Idioms formalize this intuition. An idiom is a rule that relates combinations of code patterns to conceptual operations. The analysis then searches for these code patterns---the idea is that if all the code patterns that appear in an idiom also appear in a function (or its callees, if the code pattern search algorithm is interprocedural), then the function is said to perform the conceptual operation.
Idioms are expressed in a Datalog-like language. Each idiom consists of a conceptual operation on the left-hand-side, and a conjunction of code patterns (or their negations) on the right-hand-side. The grammar of the idiom language is as shown below. Each conceptual operation can appear on the left-hand-side of more than one idiom. The kernel analysis matches on all the idioms for each function, and returns all the conceptual operations that match. Thus, in effect, the rules are all combined using disjunction.
Idiom ::== OP :- AND_i (Codepat_i | NOT(Codepat_i)) Codepat ::== SET AST | SET AST TO value | READ AST | CALL AST | INCREMENT AST | DECREMENT AST AST ::== (type->)*fieldname |
Here are some noteworthy features of the idiom language:
Writing idioms is an iterative procedure: we first write a first-cut set of idioms, run TAHOE's kernel analysis, and inspect the output of the analysis manually to determine whether the conceptual operations as determined by TAHOE are indeed performed by the kernel function. If not, we find the idiom that triggered the conceptual operation, and refine it by adding more conjuncts (i.e, manipulations of code patterns) to the idiom.
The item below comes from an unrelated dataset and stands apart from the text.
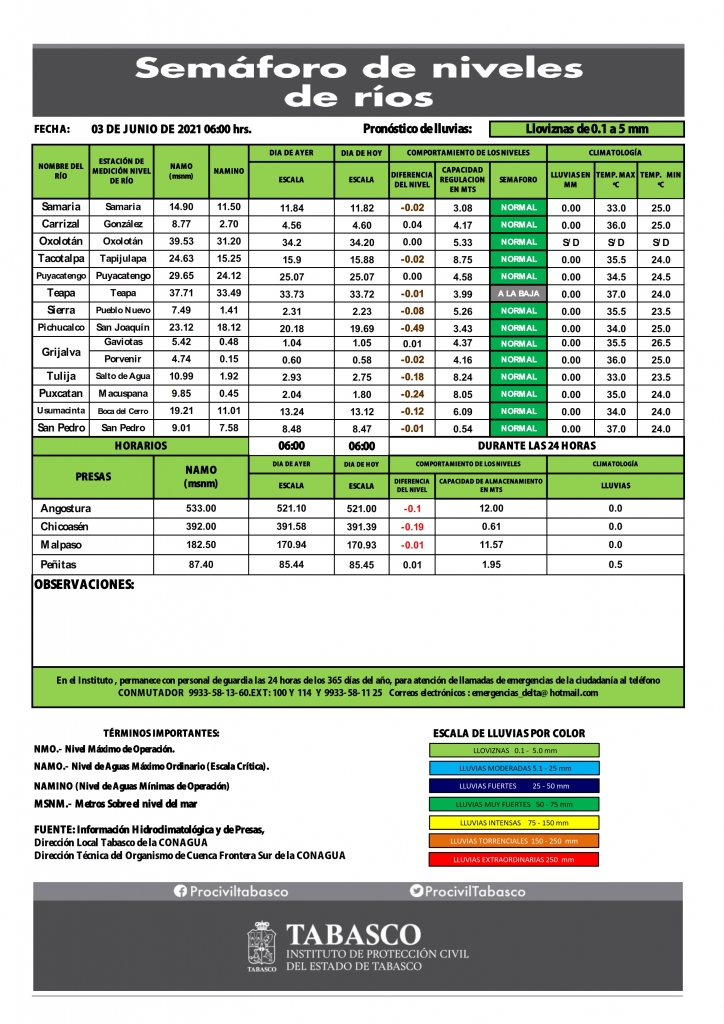 SHM 154 +Infografia + Nivel de ríos_004.jpg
We are working towards a tool which will serve as an assistant for idiom writing (much like Houdini, which is an annotation assistant for ESC/Java). The goal of this tool is to ease the burden of idiom writing, and empower an ordinary end-user (i.e., not an expert) to write idioms.
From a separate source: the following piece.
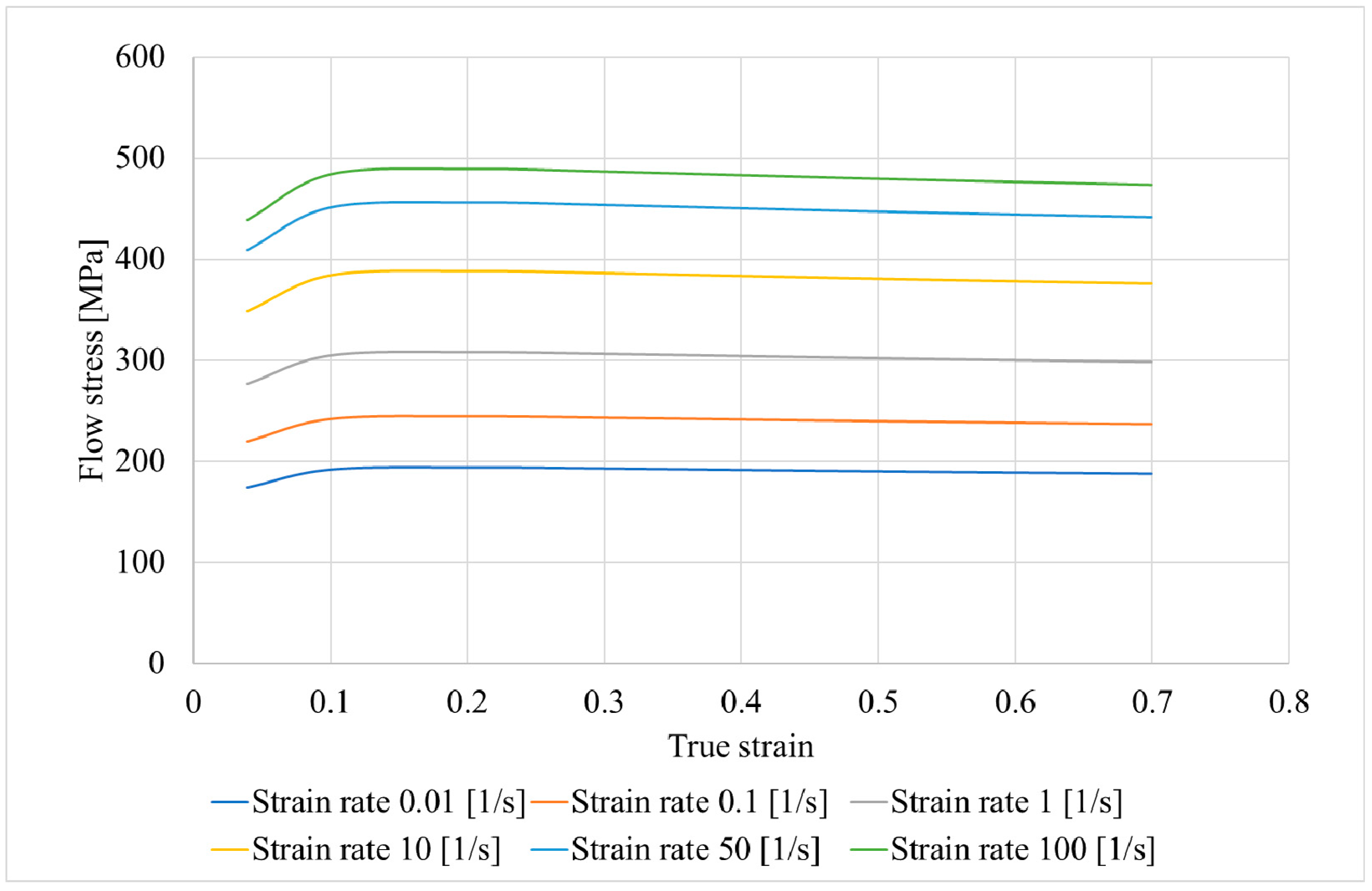 Materials 15 07980 g005 Materials 15 07980 g005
While these idioms are far from perfect, they give a taste of what is involved in idiom writing, and show how idioms capture semantic information in kernel code.
FILE__READ :- READ inode->i_size |
Reading a file also typically involves reading the size of the inode corresponding to the file. |
FILE__READ :- SET inode->i_atime |
Reading a file is also accompanied by updating the access time of the inode corresponding to the file. |
FILE__READ :- CALL inode_operations->read() |
The read is performed by a call via a function pointer (read())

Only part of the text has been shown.